Soekarno pernah mengatakan di dalam Sarinah bahwa, soal wanita adalah soal masyarakat, dan itu
terbukti adanya dengan kondisi saat ini. Bagaimana kondisi bumi dengan keadaan
kaum perempuan saat ini. Jumlah kaum perempuan Indonesia misalnya, diperkirakan
mencapai 49,7% dari 237.641.326 total penduduk, atau dengan perbandingan
1000:986 antara laki-laki dan perempuan. Dari data tersebut menunjukan adanya
kondisi di mana perempuan tidak menjadi jumlah minoritas di negara ini, hampir
ada keseimbangan jumlah. Namun, melihat realitanya bisa dikatakan ada
ketimpangan antara kuantitas dengan kualitas. Bagaimana negara membangun
konstruk perempuan yang di dalamnya terselip bentuk-bentuk diskriminasi,
bentuk-bentuk penjajahan terhadap seks.
Semestinya perempuan sebagai individu maupun kolektif
adalah merupakan bagian yang tak terpisahkan dari kolekif sosial masyarakat,
karena melihat dari sejarahnya apabila tidak ada perempuan maka tidak ada
peradaban manusia. Bagaimana dengan abad saat ini? Teringat apa yang
disampaikan oleh Pramoedya Ananta Tour tentang Perempuan adalah lautan kehidupan maka hormatilah ia.
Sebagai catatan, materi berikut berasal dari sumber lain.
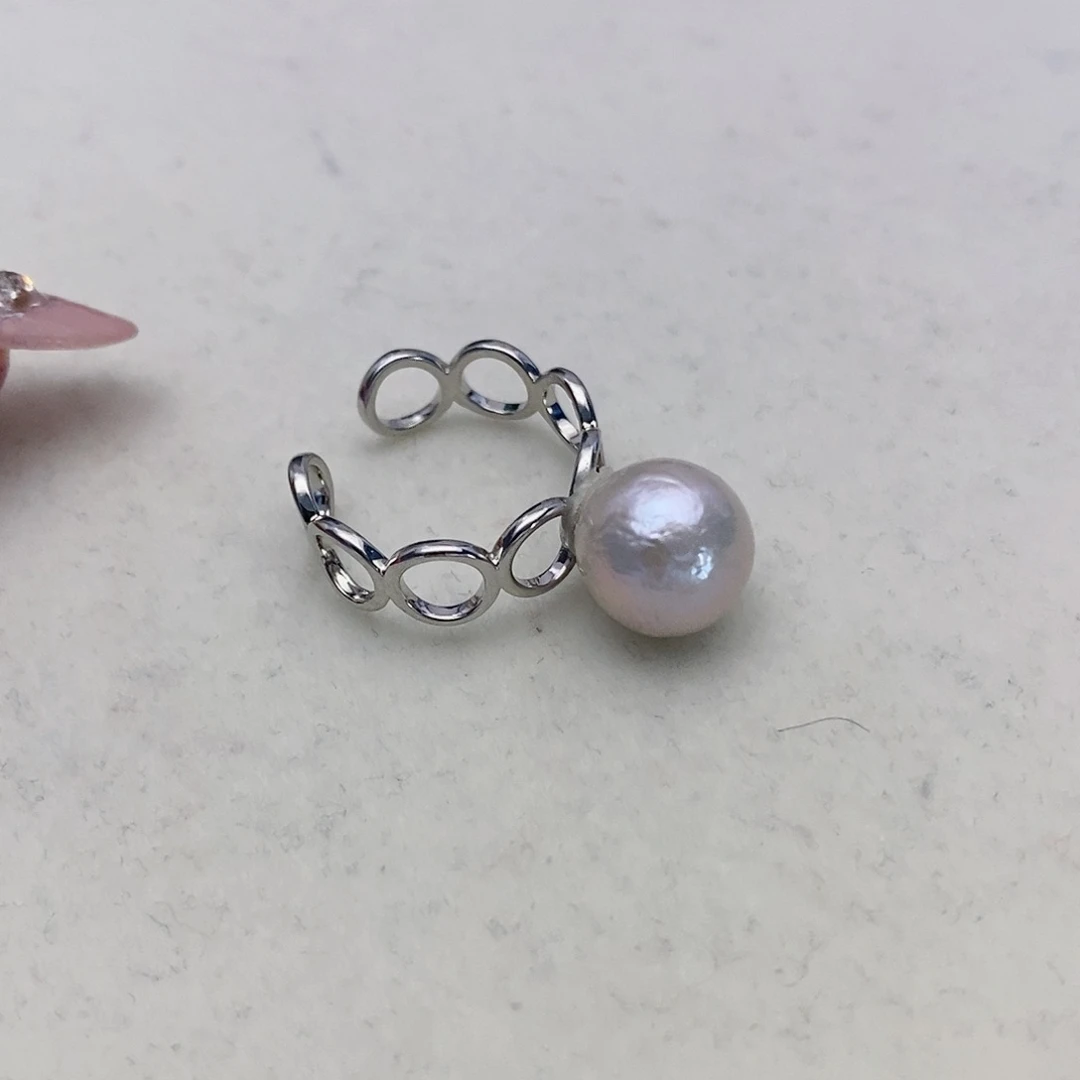 【闪购商品】淡水珍珠戒指合金45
Ini merupakan himbauan Pram atas kenyataan bahwa perempuan tidak berada dalam
posisi setara sebagai manusia dengan manusia lainnya yang berbeda jenis
seksualnya dalam masyarakat. Hal-hal yang berbau diskriminasi begitu banyak
dialami perempuan.
Seperti apa perempuan mengalami
diskriminasi?
Banyak hal yang dapat dengan mudah dilihat dari
bentuk-bentuk diskriminasi terhadap perempuan. Mencoba melihat dari segi
perekonomian, di mana sistem perekonomian yang menganut sistem Kapitalisme, membawa
dampak besar terhadap kesejahteraan ekonomi perempuan. Persoalan mendesak kaum
perempuan di seluruh dunia saat ini adalah kemiskinan. Lagi-lagi kondisi
ini tak lepas dari adanya sistem Kapitalisme dalam ekonomi
politik yang berdampak kepada kesejahteraan masyarakat khususnya perempuan. Ini
menjadi hal yang tidak dapat dipungkiri apabila melihat data dari jumlah
kependudukan yang sudah disebut sebelumnya. Dari data yang ada
diperkirakan 70% diantaranya adalah kaum tani, dan dari total penduduk yang
ada. Dari jumlah tersebut kaum perempuan merupakan bagian penduduk yang
terbesar di pedesaan, yaitu sekitar 58%.
Melihat data tersebut secara logika semestinya
perempuan sebagai penyumbang proses produksi terbesar, karena memang menjadi
buruh tani satu-satunya cara untuk mempertahankan hidup. Namun, tetap saja
perempuan tidak diperkenankan menjalankan pertanian mulai dari penyiapan
produksinya seperti benih, bibit, pupuk dan obat-obatannya sampai pada
pengolahan. Memang masih ada perempuan-perempuan desa yang ikut mengolah lahan
meskipun hanya 5% dari jumlah yang ada, dan mereka hanya sebatas tukang gepyok. Benih, pupuk dan pestisida diambil paksa oleh perusahaan-perusahaan
besar penyedia input produksi seperti Monzanto, Zingenta dll. Dan proses
pengolahannya diambil oleh mesin-mesin pemilik modal, dan dengan dalih
mesin-mesin itu maka dibangunlah konstruk perempuan tidak dapat menggunakan
mesin tersebut.
Selain itu dalam sektor industri, dalam hal ini
adalah buruh perempuan dimana buruh perempuan seringkali menjadi korban
diskriminasi. Bisa dilihat di Indonesia misalnya, mayoritas buruh dalam sektor
industri adalah kaum perempuan, mereka dibayar murah, tidak adanya hak cuti
haid dan melahirkan, serta tunjangan yang semestinya menjadi hak para buruh
tidak mereka terima. Ditambah dengan pemberlakukan sistem kerja kontrak yang
disahkan oleh negara melalui UU Ketenagakerjaan No. 13/2001, ini semakin
merugikan buruh perempuan.
Misalnya kewajiban pengusaha untuk memberikan cuti
dan tunjangan melahirkan bagi perempuan buruh yang sedang hamil, dengan
pemberlakuan sistem kontrak maka para perempuan buruh yang hamil malahan di-PHK
sebelum waktu mereka melahirkan dengan alasan sudah habis kontrak. Ini hanya
menjadi alasan bagi pengusaha agar mereka dapat mangkir dari kewajibannya untuk
memenuhi hak-hak sosial ekonomi para buruhnya, khususnya buruh perempuan yang
hari ini menjadi mayoritas di dunia industri di Indonesia.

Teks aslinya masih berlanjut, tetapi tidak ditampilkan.